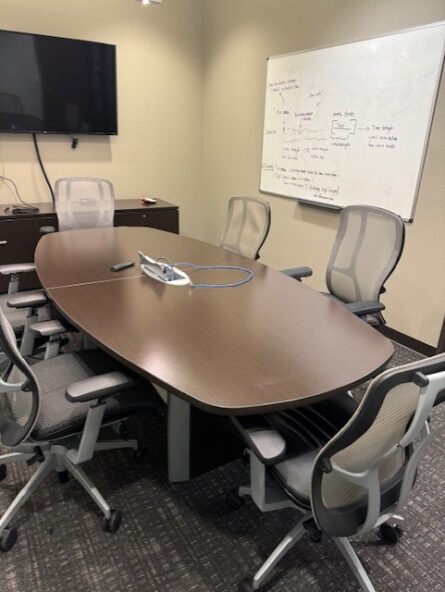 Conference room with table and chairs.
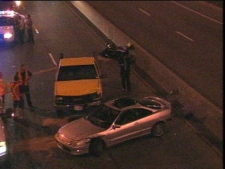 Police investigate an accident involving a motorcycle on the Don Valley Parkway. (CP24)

==

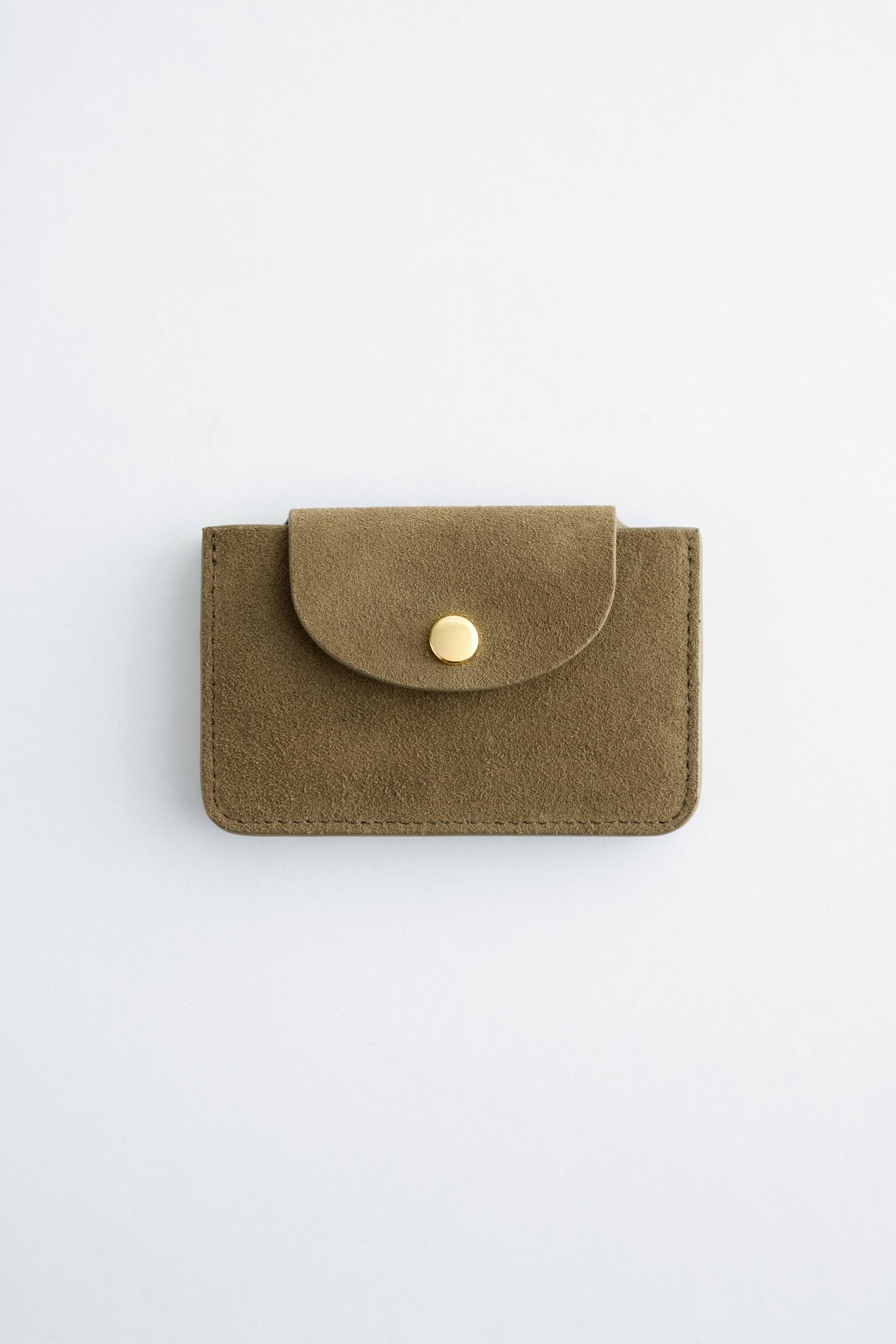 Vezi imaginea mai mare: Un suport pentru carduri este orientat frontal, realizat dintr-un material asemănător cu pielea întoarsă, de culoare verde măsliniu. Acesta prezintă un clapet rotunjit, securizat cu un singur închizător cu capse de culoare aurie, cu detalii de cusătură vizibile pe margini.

==

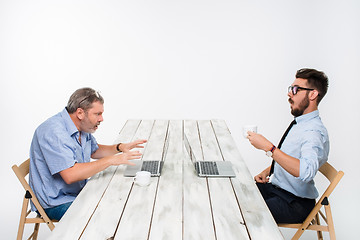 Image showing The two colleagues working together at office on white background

Exercise:
What's needed is an exact copy of the lines above from the one with "Conference room with table and chairs." through the one with "Police investigate an", both included; the pictures stay out.

Your response:
 Conference room with table and chairs.
 Police investigate an accident involving a motorcycle on the Don Valley Parkway. (CP24)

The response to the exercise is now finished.